[The data — start]

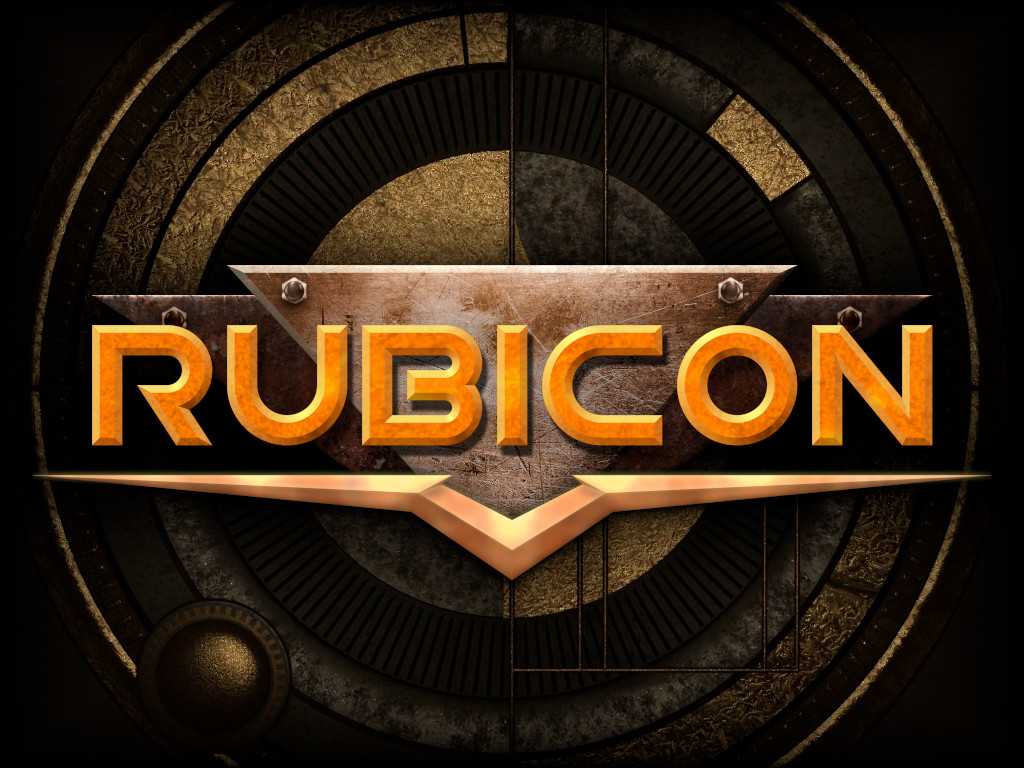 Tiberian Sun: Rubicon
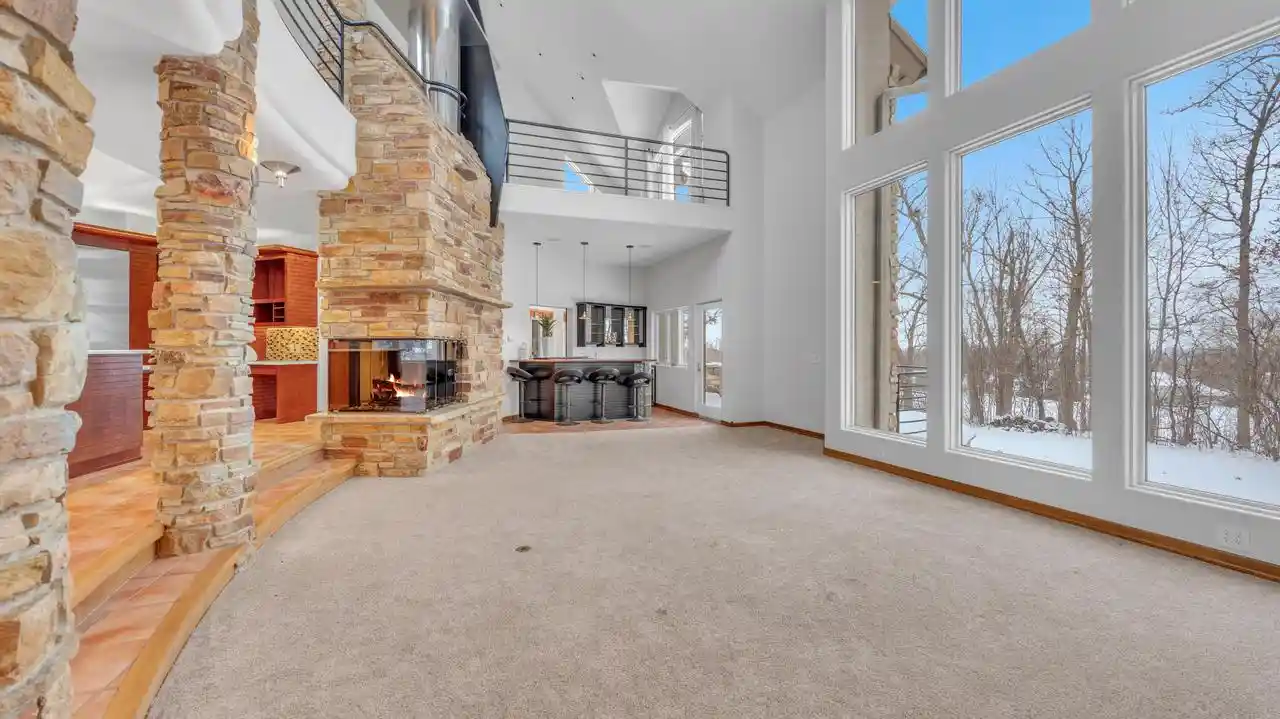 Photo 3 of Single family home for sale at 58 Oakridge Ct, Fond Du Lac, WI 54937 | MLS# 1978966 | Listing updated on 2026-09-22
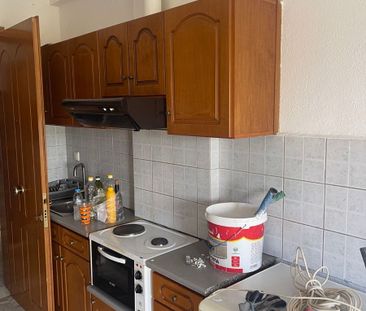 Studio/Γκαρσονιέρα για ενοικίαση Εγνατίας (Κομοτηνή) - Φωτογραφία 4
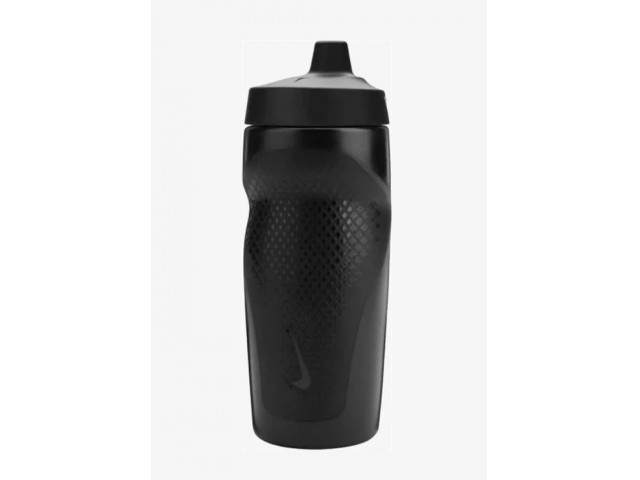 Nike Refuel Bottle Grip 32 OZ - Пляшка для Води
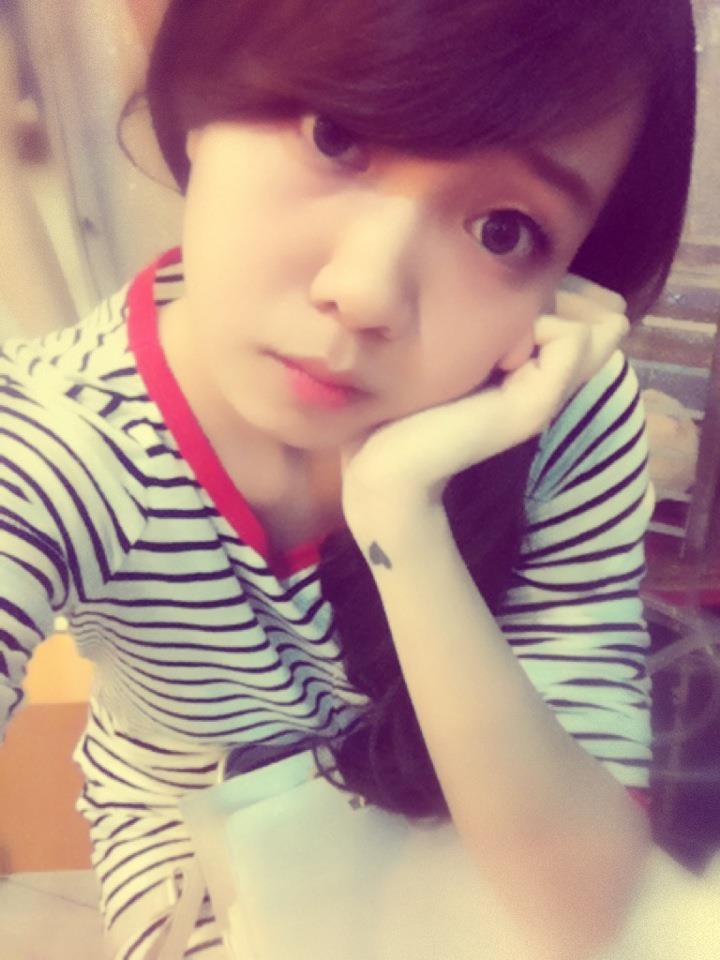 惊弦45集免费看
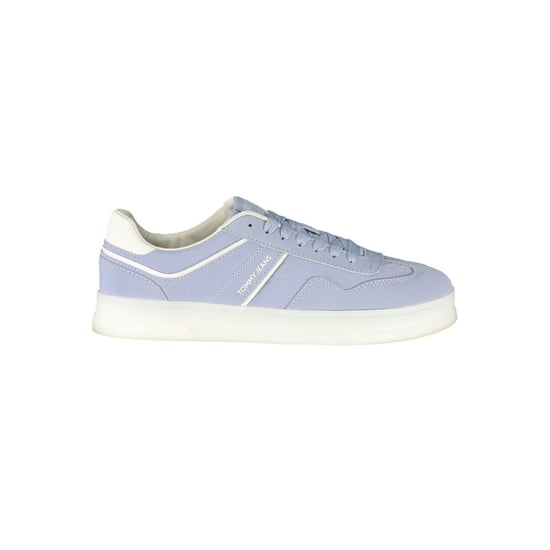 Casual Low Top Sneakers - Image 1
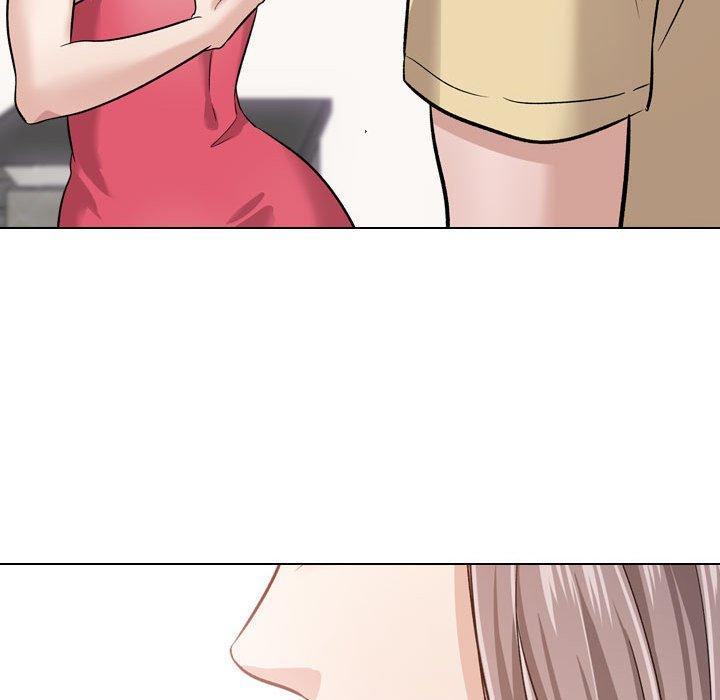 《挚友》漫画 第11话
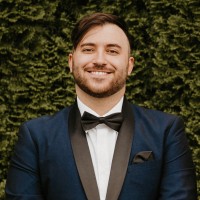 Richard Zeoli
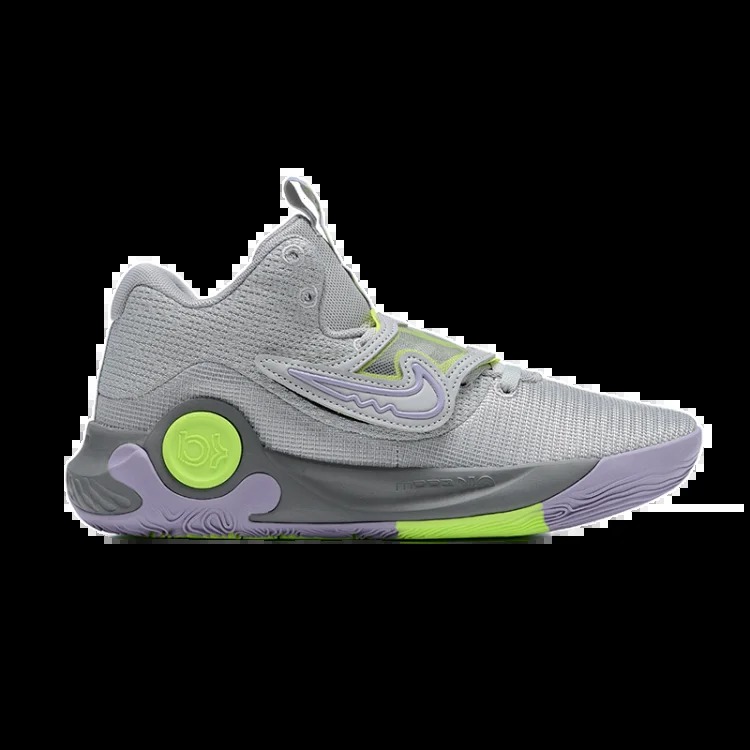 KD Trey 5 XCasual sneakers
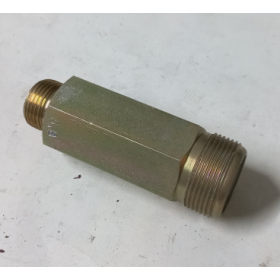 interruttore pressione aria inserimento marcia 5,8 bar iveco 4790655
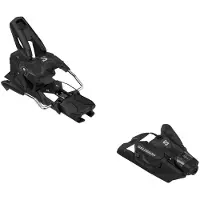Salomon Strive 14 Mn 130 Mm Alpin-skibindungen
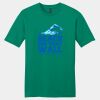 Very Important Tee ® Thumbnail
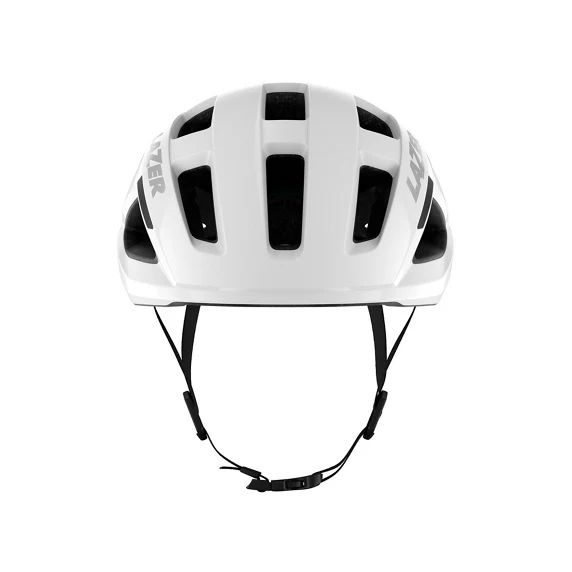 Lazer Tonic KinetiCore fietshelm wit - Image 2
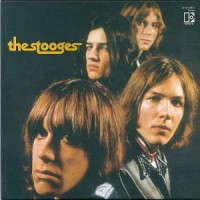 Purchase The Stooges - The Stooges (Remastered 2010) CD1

[The data — finish]

**What you need to do**
Print exactly the lines from the line with "interruttore pressione aria" through the end of the data, both ends included, and print no pictures.

**Answer space**
 interruttore pressione aria inserimento marcia 5,8 bar iveco 4790655
Salomon Strive 14 Mn 130 Mm Alpin-skibindungen
 Very Important Tee ® Thumbnail
 Lazer Tonic KinetiCore fietshelm wit - Image 2
 Purchase The Stooges - The Stooges (Remastered 2010) CD1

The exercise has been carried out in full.